WHAT TO PRODUCE ▸
Your task is to output every record exactly as it is given.

DATA PROVIDED ▸
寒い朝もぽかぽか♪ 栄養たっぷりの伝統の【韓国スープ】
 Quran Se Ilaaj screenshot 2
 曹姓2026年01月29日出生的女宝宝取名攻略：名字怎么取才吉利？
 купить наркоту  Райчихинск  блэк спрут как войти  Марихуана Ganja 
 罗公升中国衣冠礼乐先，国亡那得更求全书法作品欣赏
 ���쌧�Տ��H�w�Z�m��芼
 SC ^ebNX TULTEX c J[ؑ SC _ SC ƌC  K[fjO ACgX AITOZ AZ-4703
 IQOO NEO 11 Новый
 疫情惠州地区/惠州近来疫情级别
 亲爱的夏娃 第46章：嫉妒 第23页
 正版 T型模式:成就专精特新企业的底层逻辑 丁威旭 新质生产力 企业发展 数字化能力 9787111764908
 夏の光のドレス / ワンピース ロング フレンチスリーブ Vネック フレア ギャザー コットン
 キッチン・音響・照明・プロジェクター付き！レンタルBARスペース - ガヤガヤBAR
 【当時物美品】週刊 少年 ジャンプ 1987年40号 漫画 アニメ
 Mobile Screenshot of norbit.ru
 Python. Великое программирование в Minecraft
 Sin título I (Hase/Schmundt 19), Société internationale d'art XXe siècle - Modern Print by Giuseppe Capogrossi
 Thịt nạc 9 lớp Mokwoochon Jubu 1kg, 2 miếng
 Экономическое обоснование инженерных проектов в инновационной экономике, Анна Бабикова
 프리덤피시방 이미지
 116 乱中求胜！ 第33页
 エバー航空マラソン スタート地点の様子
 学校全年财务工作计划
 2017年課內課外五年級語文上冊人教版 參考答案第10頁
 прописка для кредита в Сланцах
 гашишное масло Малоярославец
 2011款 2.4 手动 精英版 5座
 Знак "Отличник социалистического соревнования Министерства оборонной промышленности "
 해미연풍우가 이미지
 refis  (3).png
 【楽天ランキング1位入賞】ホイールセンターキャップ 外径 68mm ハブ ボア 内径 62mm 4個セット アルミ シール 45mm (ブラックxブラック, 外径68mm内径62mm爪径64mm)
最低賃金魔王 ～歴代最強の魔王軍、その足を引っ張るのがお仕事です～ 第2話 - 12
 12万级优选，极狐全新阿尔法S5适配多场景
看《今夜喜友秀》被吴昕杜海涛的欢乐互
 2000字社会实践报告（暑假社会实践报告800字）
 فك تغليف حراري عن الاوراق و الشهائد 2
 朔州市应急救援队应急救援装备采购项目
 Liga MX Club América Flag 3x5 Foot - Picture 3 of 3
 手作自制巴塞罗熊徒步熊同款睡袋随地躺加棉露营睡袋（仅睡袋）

WRITTEN SOLUTION ▸
寒い朝もぽかぽか♪ 栄養たっぷりの伝統の【韓国スープ】
 Quran Se Ilaaj screenshot 2
 曹姓2026年01月29日出生的女宝宝取名攻略：名字怎么取才吉利？
 купить наркоту  Райчихинск  блэк спрут как войти  Марихуана Ganja 
 罗公升中国衣冠礼乐先，国亡那得更求全书法作品欣赏
 ���쌧�Տ��H�w�Z�m��芼
 SC ^ebNX TULTEX c J[ؑ SC _ SC ƌC  K[fjO ACgX AITOZ AZ-4703
 IQOO NEO 11 Новый
 疫情惠州地区/惠州近来疫情级别
 亲爱的夏娃 第46章：嫉妒 第23页
 正版 T型模式:成就专精特新企业的底层逻辑 丁威旭 新质生产力 企业发展 数字化能力 9787111764908
 夏の光のドレス / ワンピース ロング フレンチスリーブ Vネック フレア ギャザー コットン
 キッチン・音響・照明・プロジェクター付き！レンタルBARスペース - ガヤガヤBAR
 【当時物美品】週刊 少年 ジャンプ 1987年40号 漫画 アニメ
 Mobile Screenshot of norbit.ru
 Python. Великое программирование в Minecraft
 Sin título I (Hase/Schmundt 19), Société internationale d'art XXe siècle - Modern Print by Giuseppe Capogrossi
 Thịt nạc 9 lớp Mokwoochon Jubu 1kg, 2 miếng
 Экономическое обоснование инженерных проектов в инновационной экономике, Анна Бабикова
 프리덤피시방 이미지
 116 乱中求胜！ 第33页
 エバー航空マラソン スタート地点の様子
 学校全年财务工作计划
 2017年課內課外五年級語文上冊人教版 參考答案第10頁
 прописка для кредита в Сланцах
 гашишное масло Малоярославец
 2011款 2.4 手动 精英版 5座
 Знак "Отличник социалистического соревнования Министерства оборонной промышленности "
 해미연풍우가 이미지
 refis  (3).png
 【楽天ランキング1位入賞】ホイールセンターキャップ 外径 68mm ハブ ボア 内径 62mm 4個セット アルミ シール 45mm (ブラックxブラック, 外径68mm内径62mm爪径64mm)
最低賃金魔王 ～歴代最強の魔王軍、その足を引っ張るのがお仕事です～ 第2話 - 12
 12万级优选，极狐全新阿尔法S5适配多场景
看《今夜喜友秀》被吴昕杜海涛的欢乐互
 2000字社会实践报告（暑假社会实践报告800字）
 فك تغليف حراري عن الاوراق و الشهائد 2
 朔州市应急救援队应急救援装备采购项目
 Liga MX Club América Flag 3x5 Foot - Picture 3 of 3
 手作自制巴塞罗熊徒步熊同款睡袋随地躺加棉露营睡袋（仅睡袋）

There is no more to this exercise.